Quality control (QC) reports with mne.Report#
Quality control (QC) is the process of systematically inspecting M/EEG data throughout all stages of an analysis pipeline, including raw data, intermediate preprocessing steps, and derived results.
While QC often begins with an initial inspection of the raw recording, it is equally important to verify that signals continue to “look reasonable” after operations such as filtering, artifact correction, epoching, and averaging. Issues introduced or missed at any stage can propagate downstream and invalidate later analyses.

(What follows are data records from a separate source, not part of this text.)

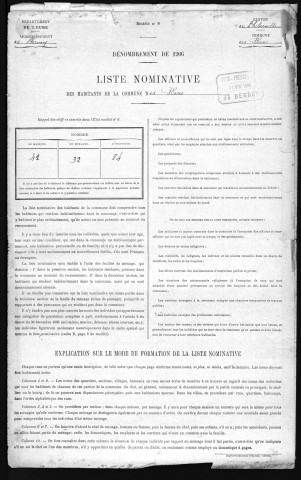 PLACES(LES) 1906
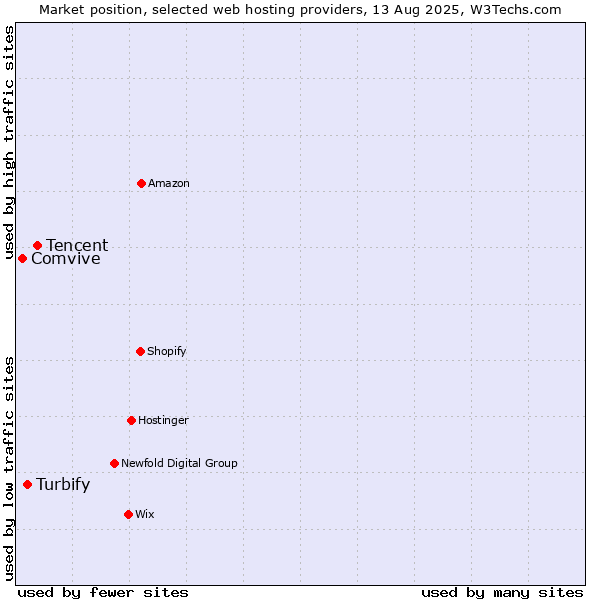 Market position of Tencent vs. Turbify vs. Comvive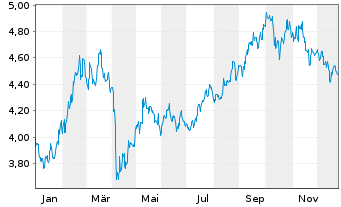 Chart iShsIV-MSCI China UCITS ETF USD - 1 Jahr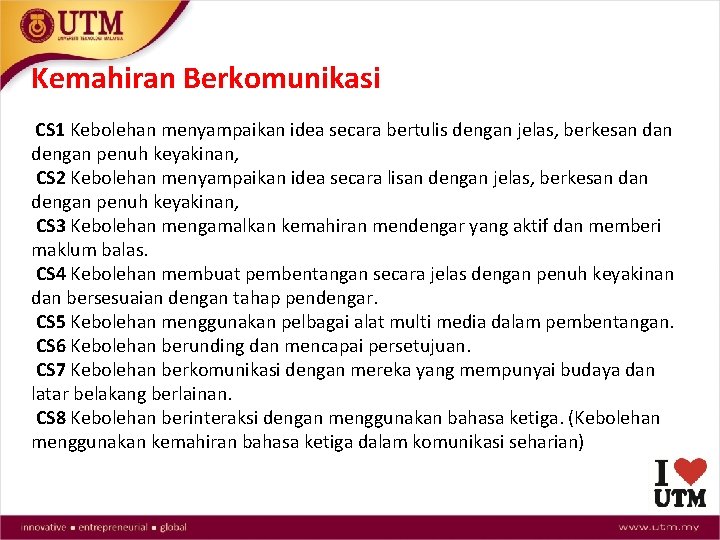 Kemahiran Berkomunikasi CS 1 Kebolehan menyampaikan idea secara bertulis dengan jelas, berkesan dengan penuh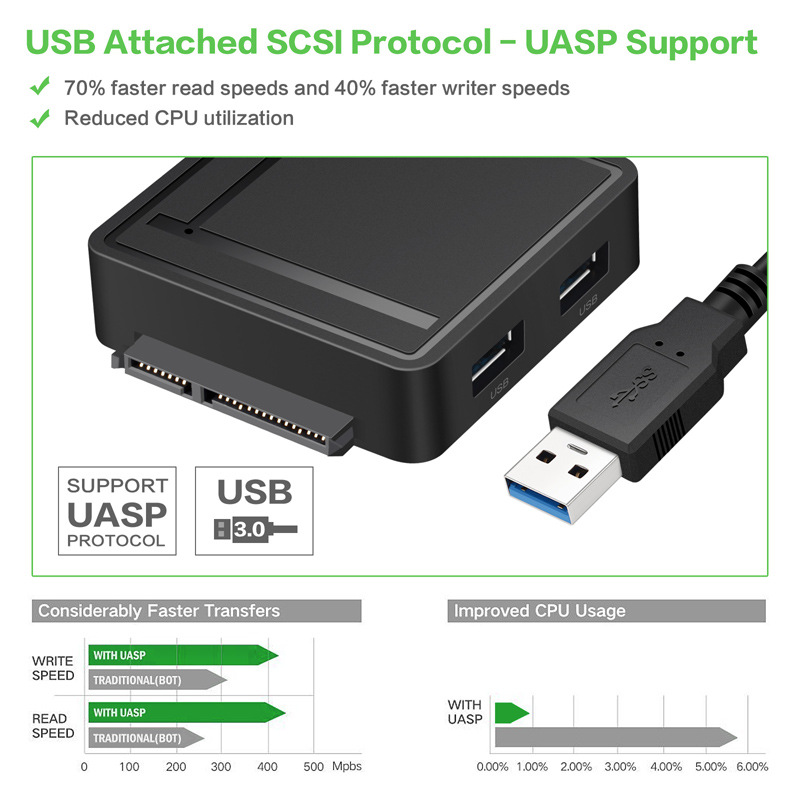 5-In-1-Multifunctional-USB-30-Docking-Station-SATA-III-Adapter-with-USB-Hub-Card-Reader-with-USB-30--1301384-6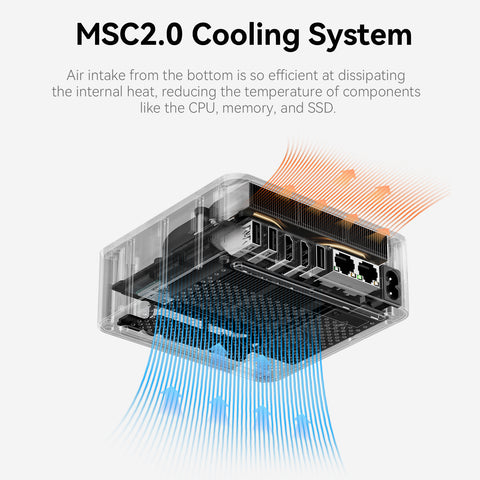 Beelink EQR6 AMD Ryzen 6600U/6800U/6900HX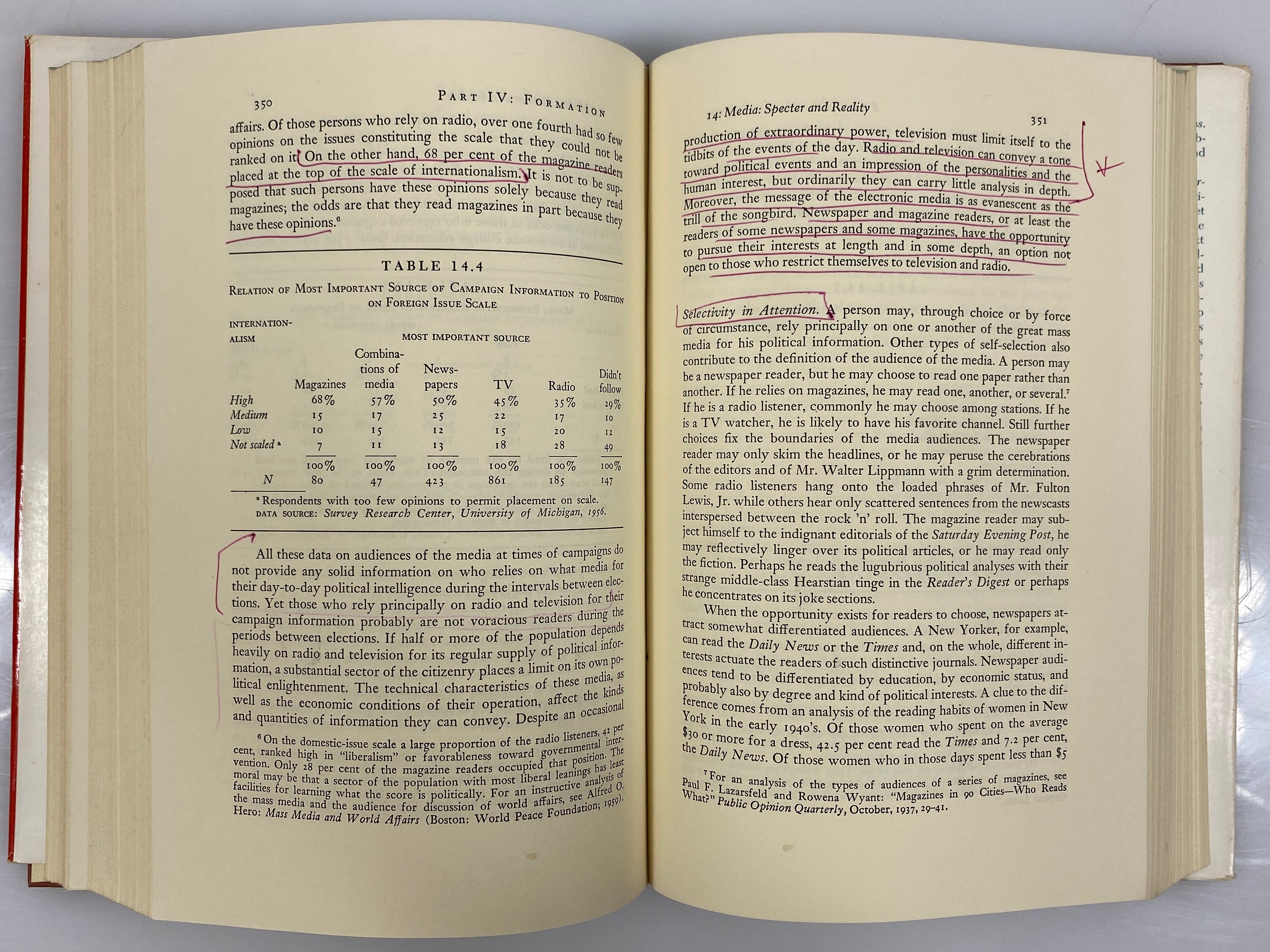 Public Opinion & American Democracy by V.O. Key 1961 First Edition HC DJ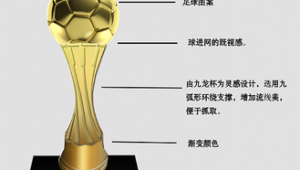 买足球杯是否需要交税？一文带你了解相关税务情况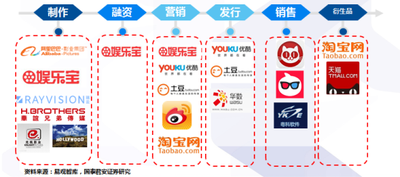 阿里巴巴娱乐宝安全吗?娱乐宝风险评估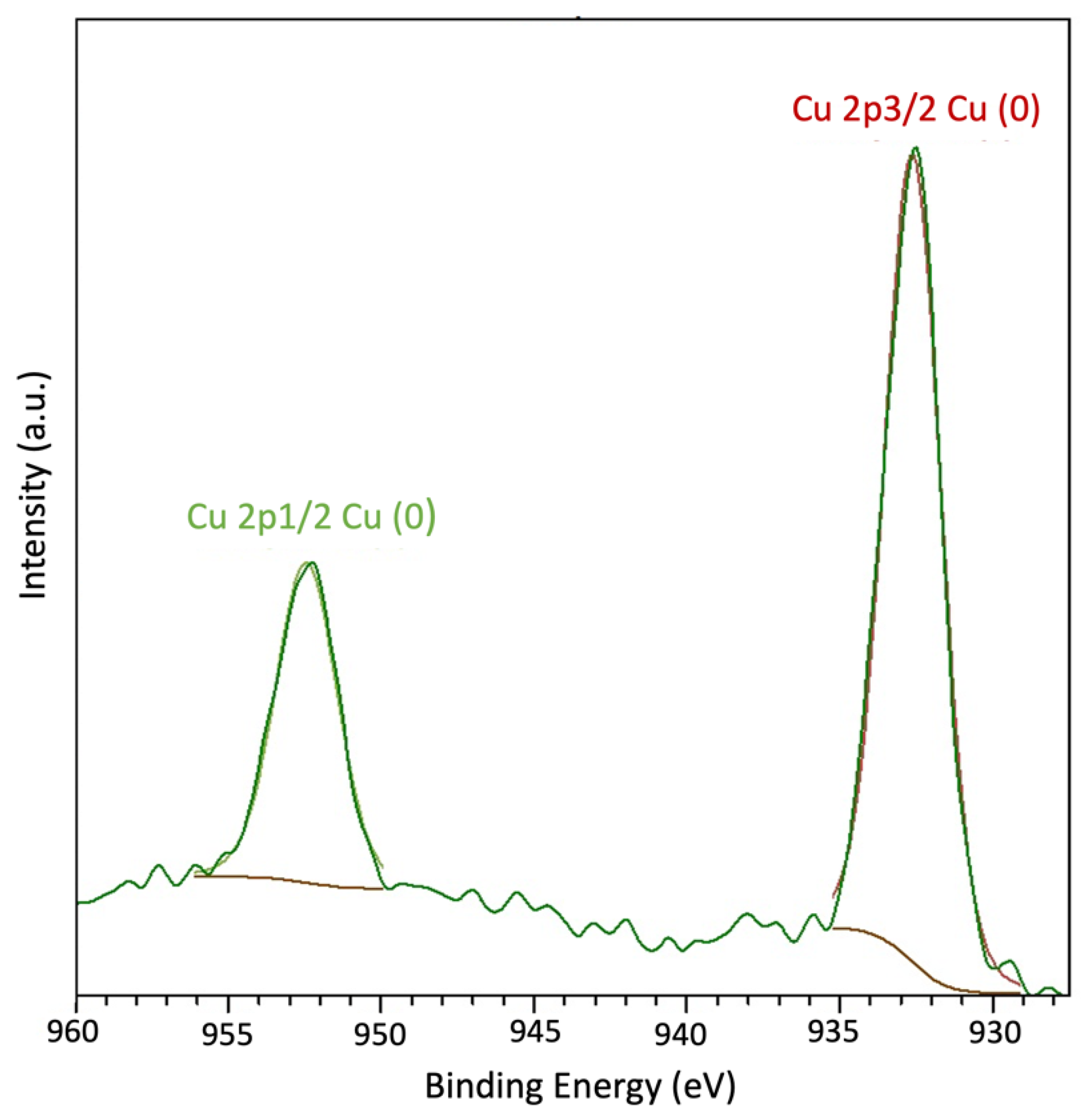 Nanomaterials 13 02291 g007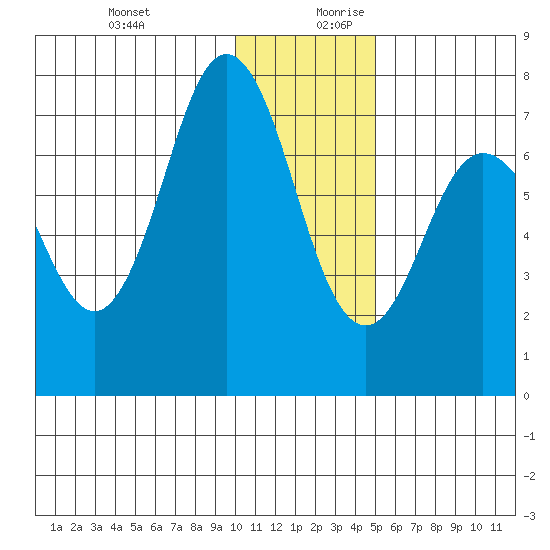 Chankliut Island tide chart for Thursday, December 21, 2023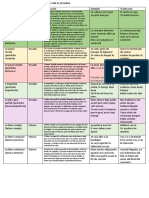 French Verb Tenses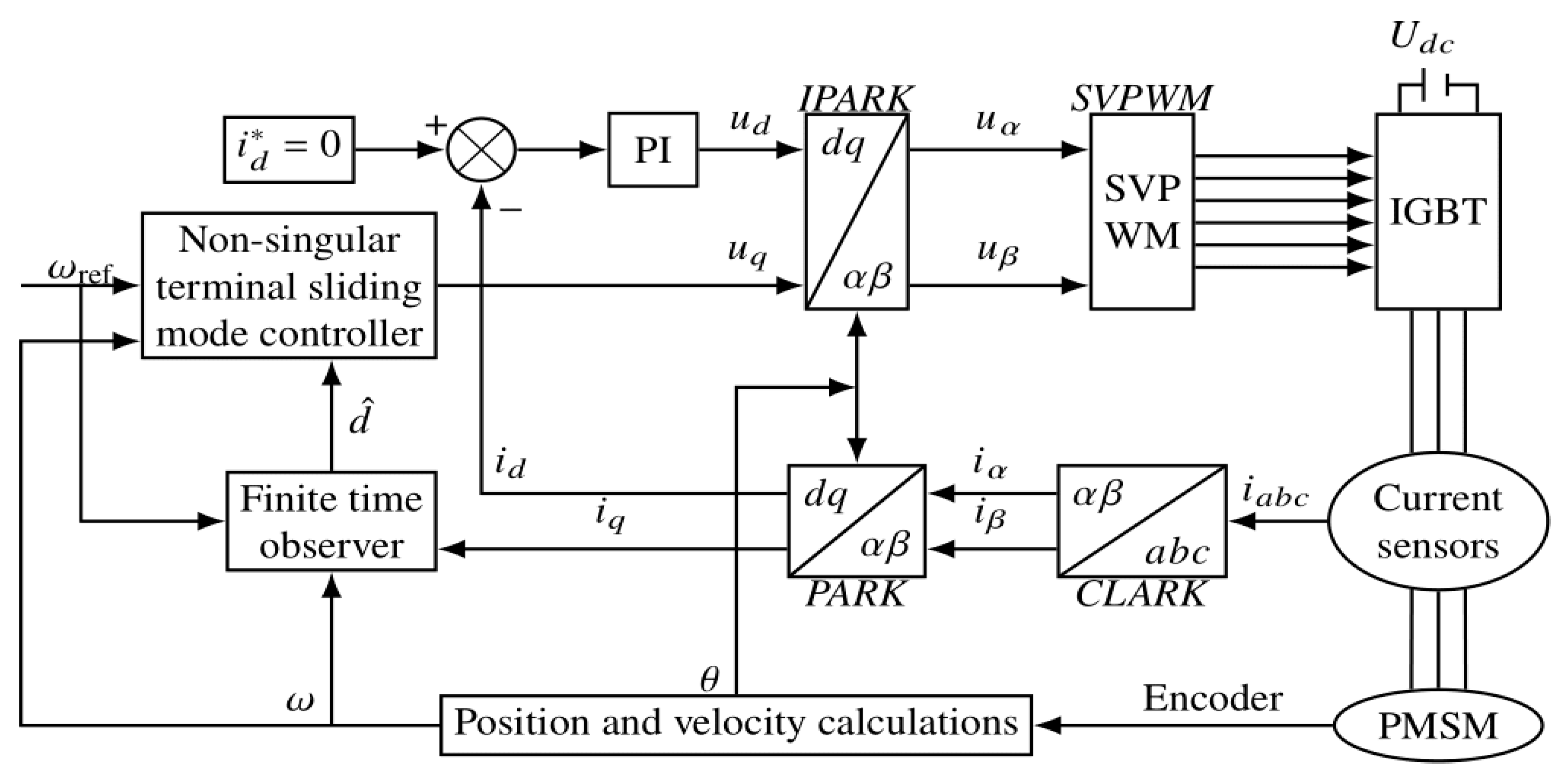 Electronics 12 03285 g011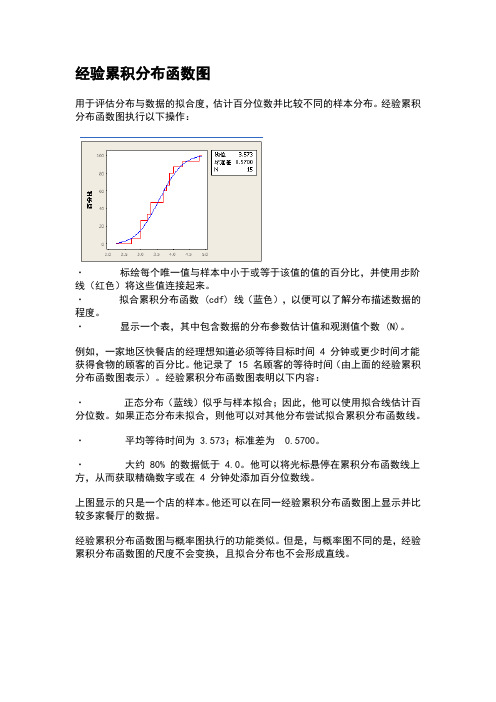 经验累积分布函数图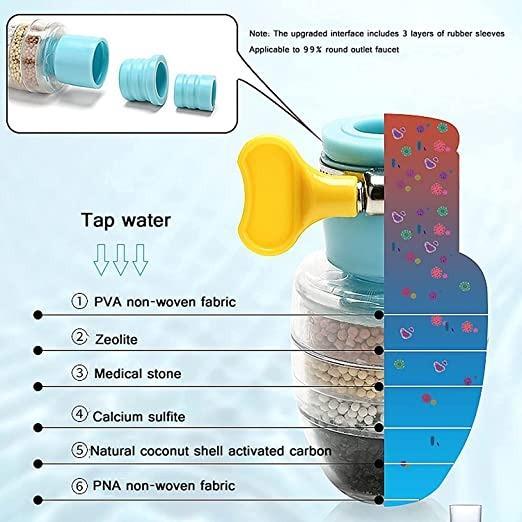 Charcoal Water Filter Faucet (Buy 1 Get 1 Free)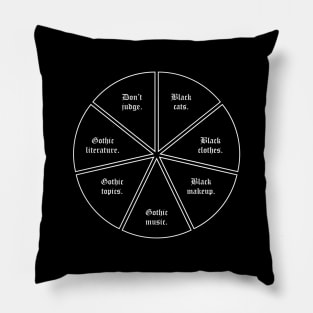 Gothic Chart Pillow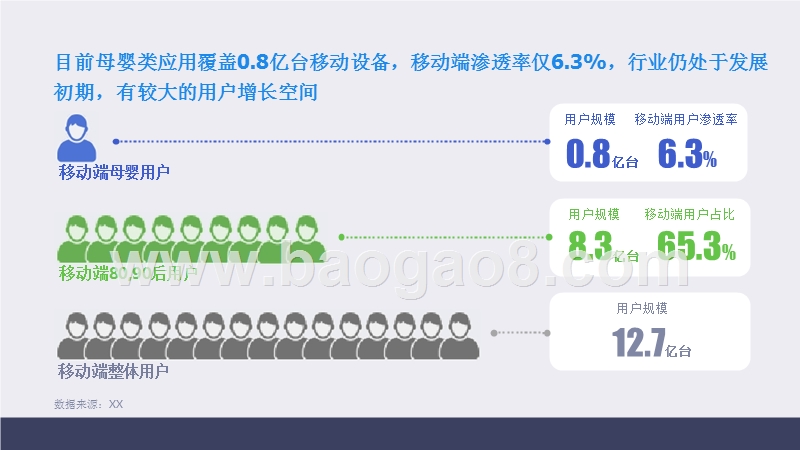 移动母婴行业研究报告.pptx_第5页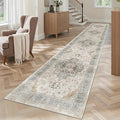 Madane Runner Rugs for Hallway 2x10 Long Washable Non-Slip Hallway Runner Rug by Madane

This tutorial demonstrates how to create a single, narrative QC report
using mne.Report, focusing on what should be inspected and how the
results should be interpreted, rather than exhaustively covering the API.
For clarity and reproducibility, the examples below focus on common QC checks applied at representative stages of an analysis pipeline. The same reporting approach can—and should—be reused whenever new processing steps are applied.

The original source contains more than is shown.